Work to complete: Would you output the lines from the one with "Imagem 4: Vista" through the last line of the material below, exactly, but without pictures?

Given material:
....
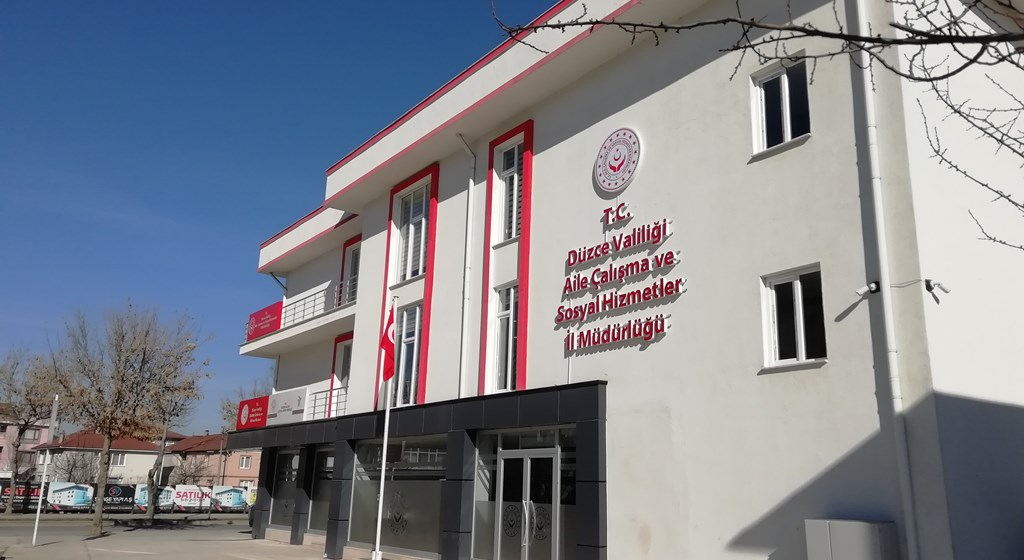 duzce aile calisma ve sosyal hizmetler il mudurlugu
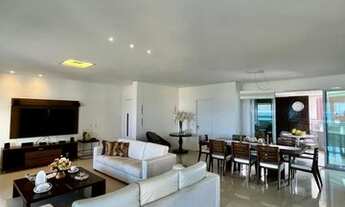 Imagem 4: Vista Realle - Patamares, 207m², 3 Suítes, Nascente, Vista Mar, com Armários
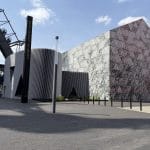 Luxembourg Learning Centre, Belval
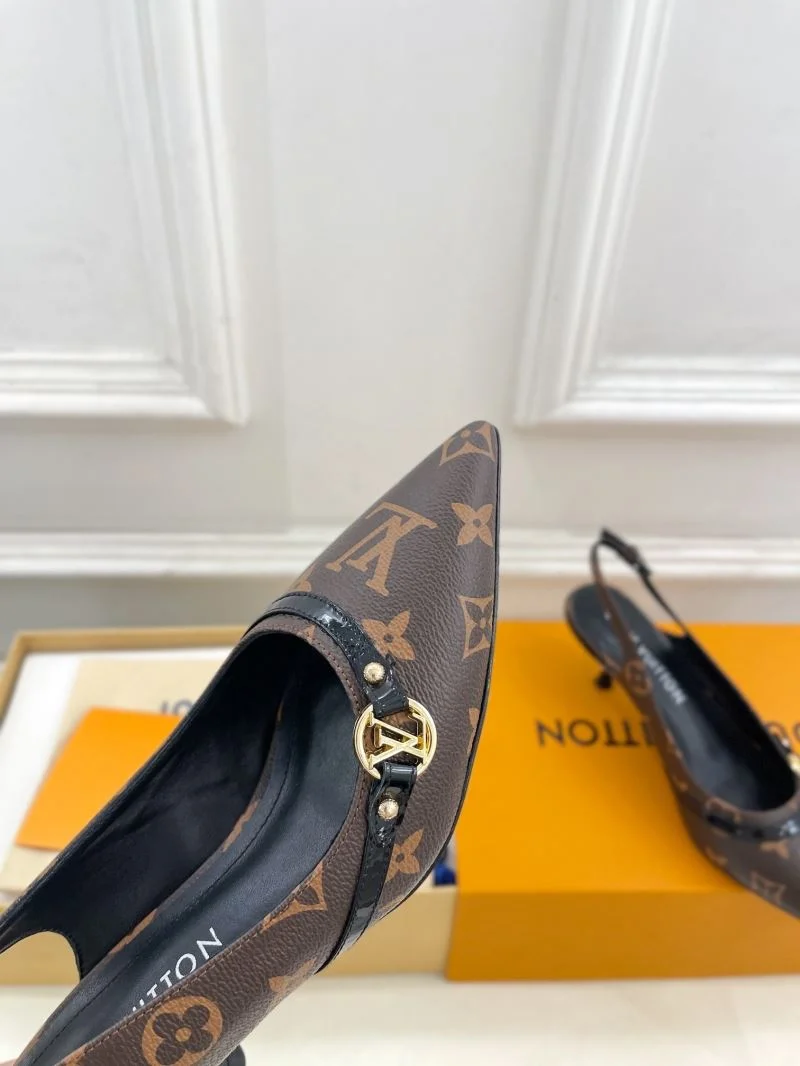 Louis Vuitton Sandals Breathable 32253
....
Problem solution:
 Imagem 4: Vista Realle - Patamares, 207m², 3 Suítes, Nascente, Vista Mar, com Armários
 Luxembourg Learning Centre, Belval
 Louis Vuitton Sandals Breathable 32253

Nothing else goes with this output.